REQUIRED ACTION
Begin at the line that contains "Cambridge IGCSE Sciences" and repeat every line from there to the end of the records below, inclusive, without adding any other line.

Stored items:
==================================================

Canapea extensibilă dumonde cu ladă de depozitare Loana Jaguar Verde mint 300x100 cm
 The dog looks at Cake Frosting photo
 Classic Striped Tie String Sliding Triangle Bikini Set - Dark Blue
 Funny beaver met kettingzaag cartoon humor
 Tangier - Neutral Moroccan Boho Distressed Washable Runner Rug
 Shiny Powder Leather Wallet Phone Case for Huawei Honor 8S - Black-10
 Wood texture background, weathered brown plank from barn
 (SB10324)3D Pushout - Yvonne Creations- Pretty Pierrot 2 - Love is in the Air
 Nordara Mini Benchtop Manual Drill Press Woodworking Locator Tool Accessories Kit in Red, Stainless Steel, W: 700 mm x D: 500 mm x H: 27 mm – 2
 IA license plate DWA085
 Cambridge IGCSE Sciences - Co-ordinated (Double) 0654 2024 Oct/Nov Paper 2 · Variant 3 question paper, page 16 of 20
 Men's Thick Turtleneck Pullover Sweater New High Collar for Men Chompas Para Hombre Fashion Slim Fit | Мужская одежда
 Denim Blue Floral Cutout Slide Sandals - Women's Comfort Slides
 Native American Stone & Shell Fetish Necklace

==================================================

RESPONSE FOR THIS EXERCISE
 Cambridge IGCSE Sciences - Co-ordinated (Double) 0654 2024 Oct/Nov Paper 2 · Variant 3 question paper, page 16 of 20
 Men's Thick Turtleneck Pullover Sweater New High Collar for Men Chompas Para Hombre Fashion Slim Fit | Мужская одежда
 Denim Blue Floral Cutout Slide Sandals - Women's Comfort Slides
 Native American Stone & Shell Fetish Necklace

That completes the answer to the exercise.